[Exercise] An exact copy of every record below is needed, with all pictures removed.

[Material for the task]
=== Begin Enclosure ===
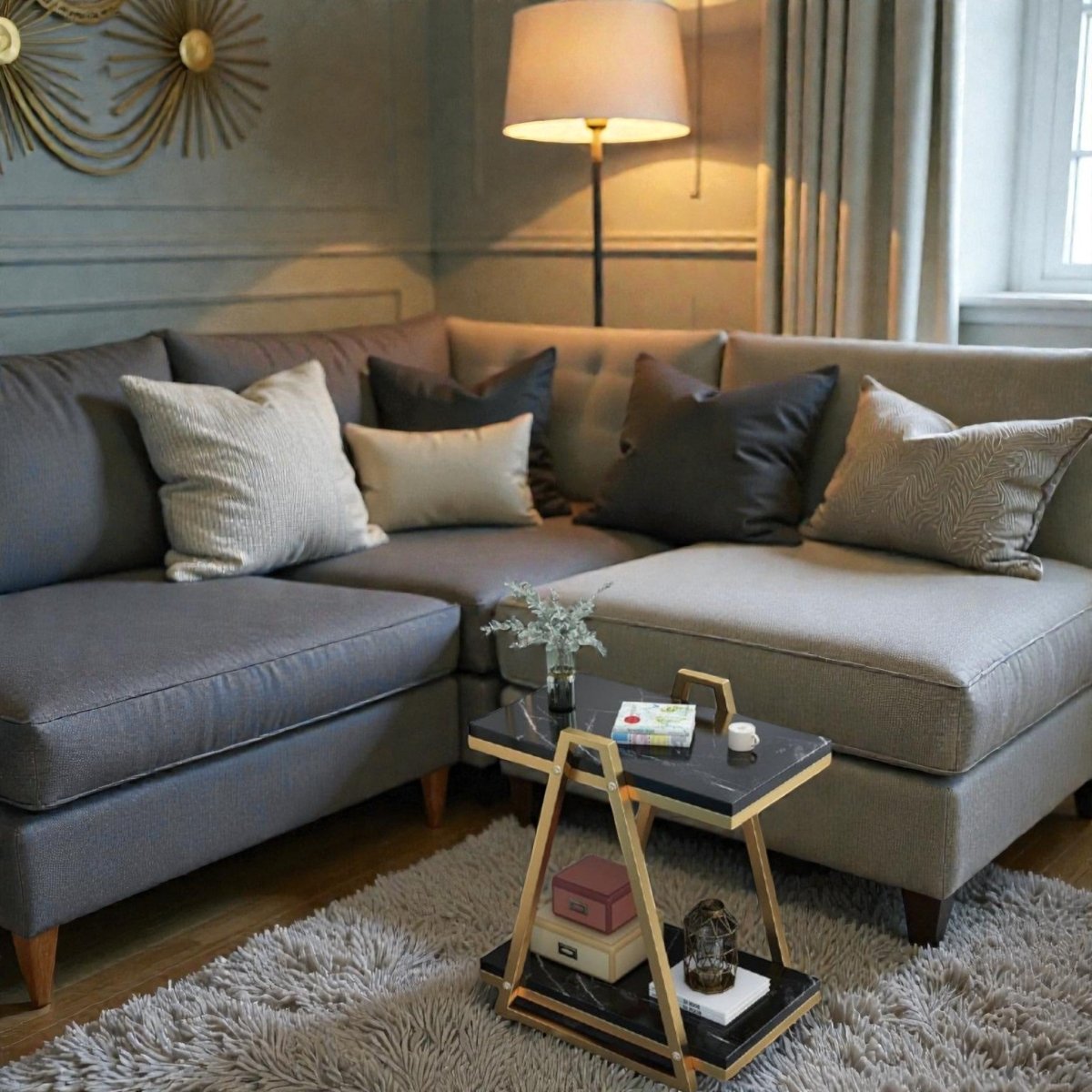 Metallic Luxe Slanted Side Sofa Table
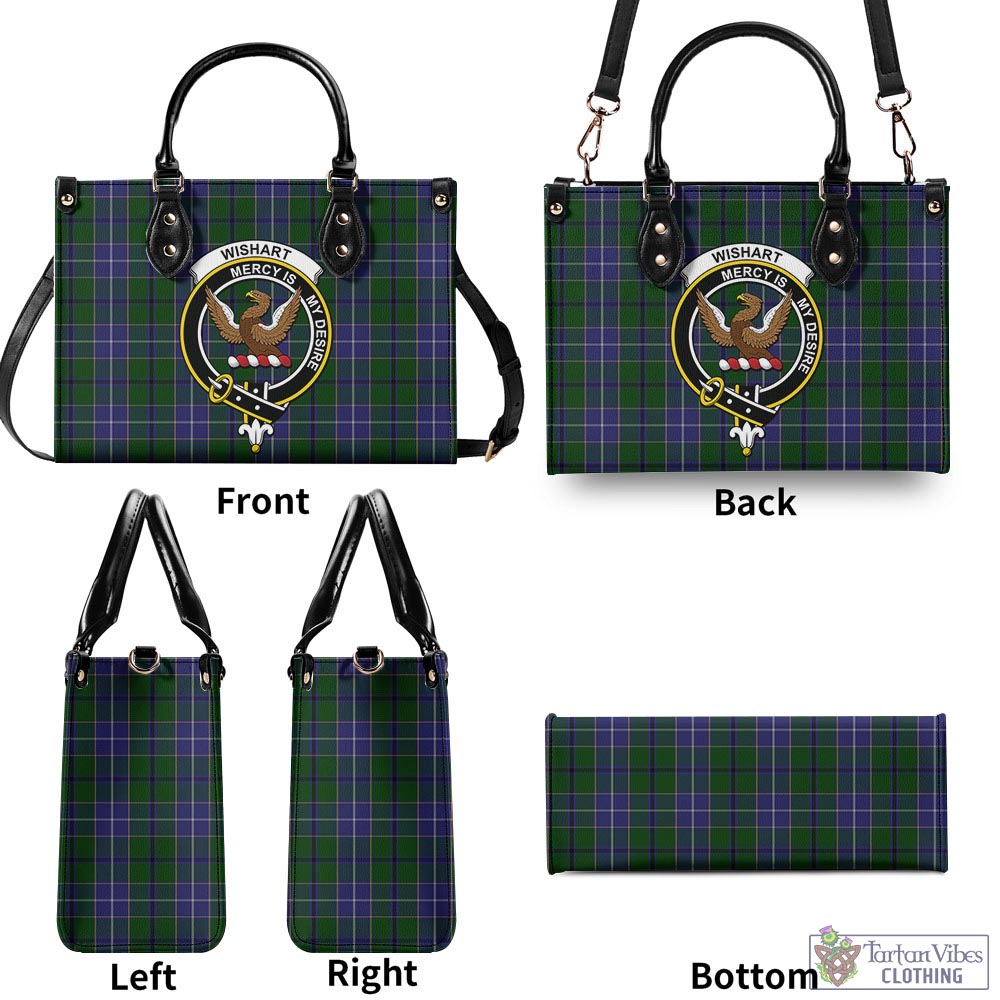 Tartan Vibes Clothing Wishart Hunting Tartan Luxury Leather Handbags with Family Crest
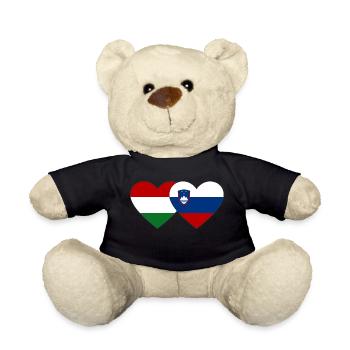 Ungarn Slowenien Flagge Herz - Teddy - Schwarz - Vorne
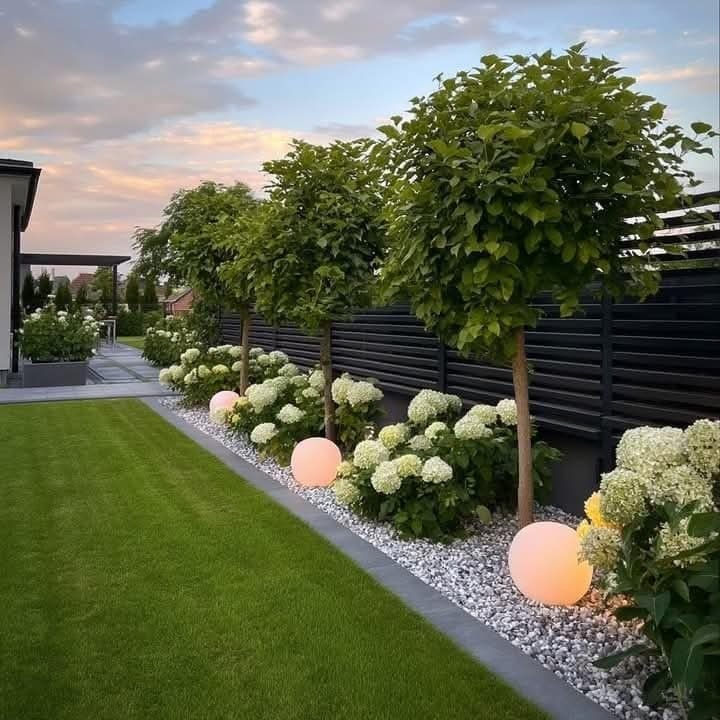 Modern Garden Border Landscape with Decorative Trees & Ambient Globe Lighting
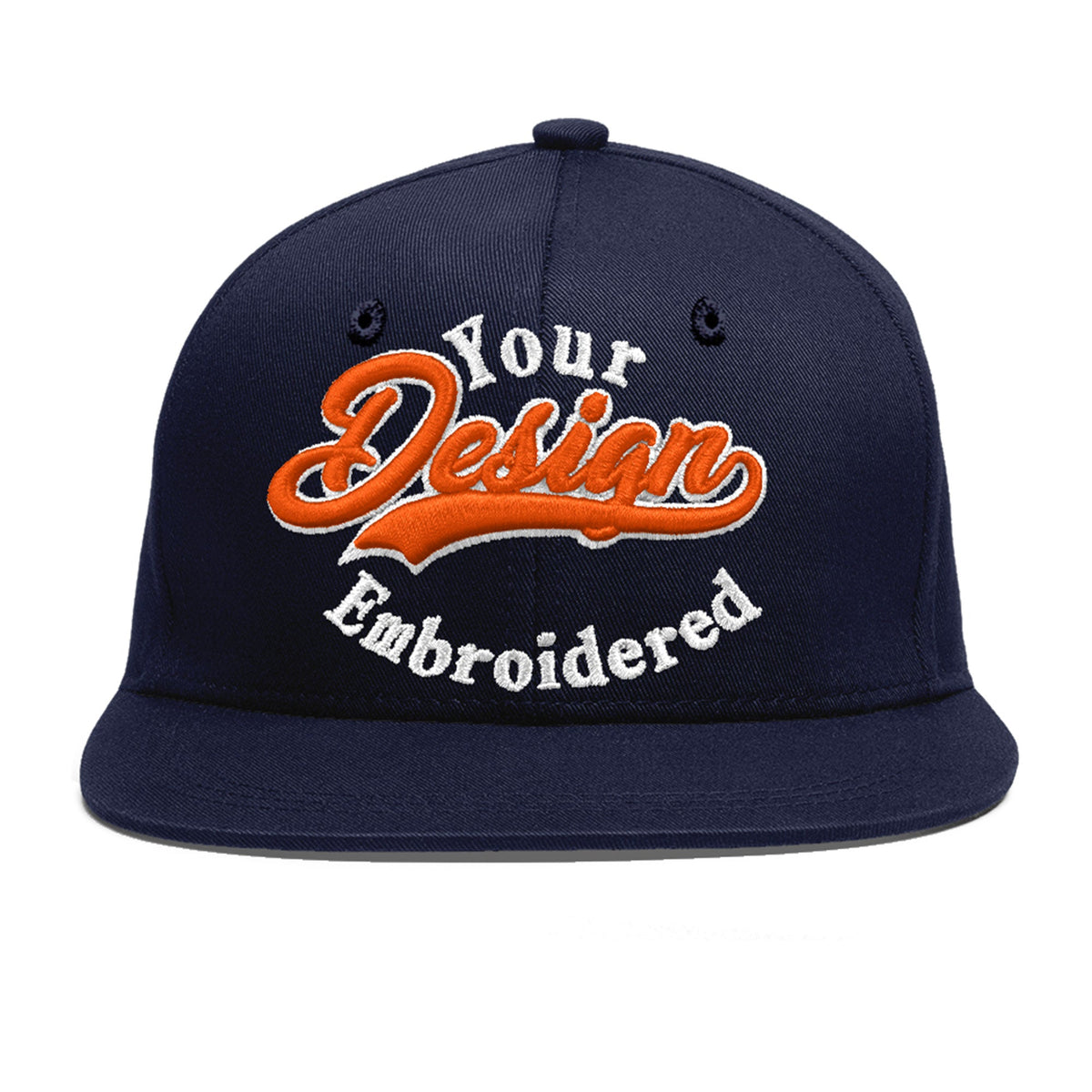 Custom Navy 3D Puff Embroidery Flat Embroidery Casual Sport Baseball Cap
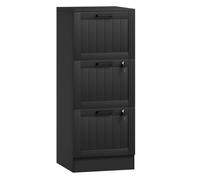 HOMCOM Mueble Archivador con 3 Cajones Cajonera para Escritorio con Cerraduras Carpetas para A4 y Carta 40x40x101 cm Negro Negro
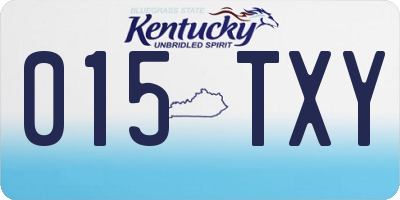 KY license plate 015TXY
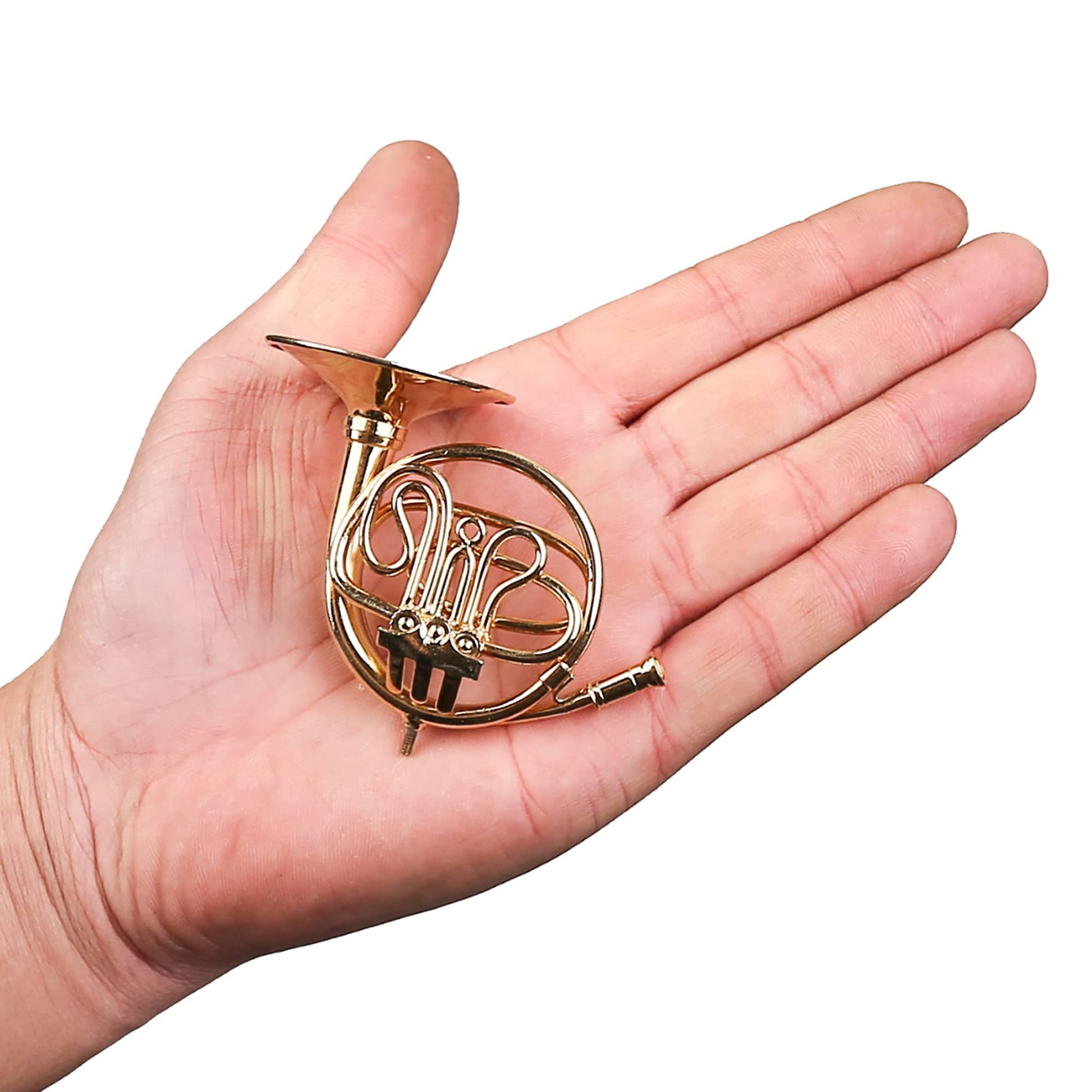 Dselvgvu Miniature French Horn with Stand and Case Brass Mini Musical Instrument French Horn Replica Collectible Figurines Dollhouse Accessories Model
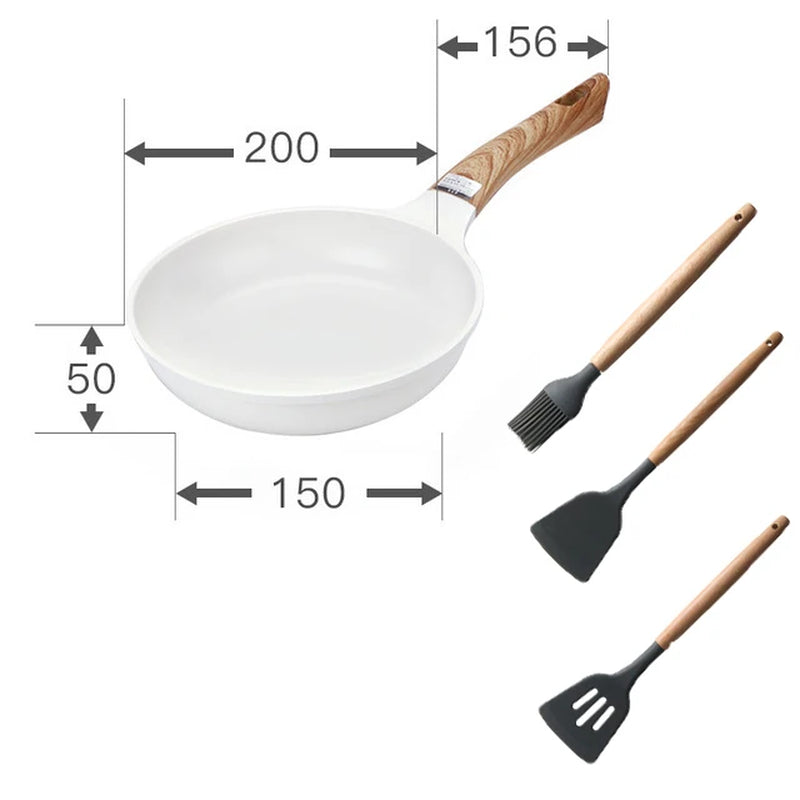 Ensemble de casserole en céramique pour poêle à frire et casserole antiadhésive pour le petit-déjeuner, crêpe, poêle en nid d’abeille wok, cuisine japonaise émaillée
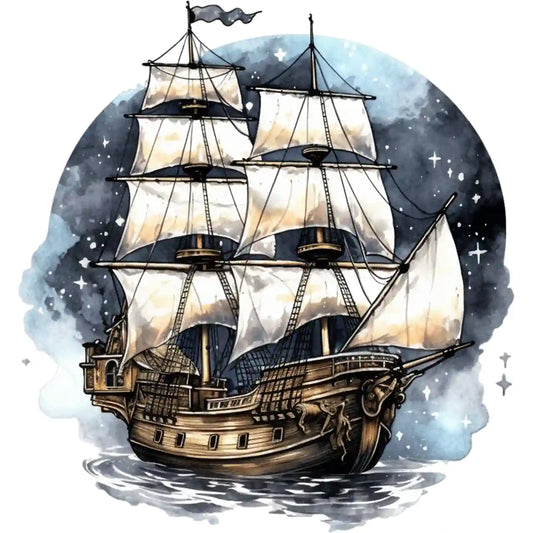 Bügelbild Piratenschiff Ozean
=== End Enclosure ===
[Answer section]
 Metallic Luxe Slanted Side Sofa Table
 Tartan Vibes Clothing Wishart Hunting Tartan Luxury Leather Handbags with Family Crest
 Ungarn Slowenien Flagge Herz - Teddy - Schwarz - Vorne
 Modern Garden Border Landscape with Decorative Trees & Ambient Globe Lighting
 Custom Navy 3D Puff Embroidery Flat Embroidery Casual Sport Baseball Cap
 HOMCOM Mueble Archivador con 3 Cajones Cajonera para Escritorio con Cerraduras Carpetas para A4 y Carta 40x40x101 cm Negro Negro
 KY license plate 015TXY
 Dselvgvu Miniature French Horn with Stand and Case Brass Mini Musical Instrument French Horn Replica Collectible Figurines Dollhouse Accessories Model
 Ensemble de casserole en céramique pour poêle à frire et casserole antiadhésive pour le petit-déjeuner, crêpe, poêle en nid d’abeille wok, cuisine japonaise émaillée
 Bügelbild Piratenschiff Ozean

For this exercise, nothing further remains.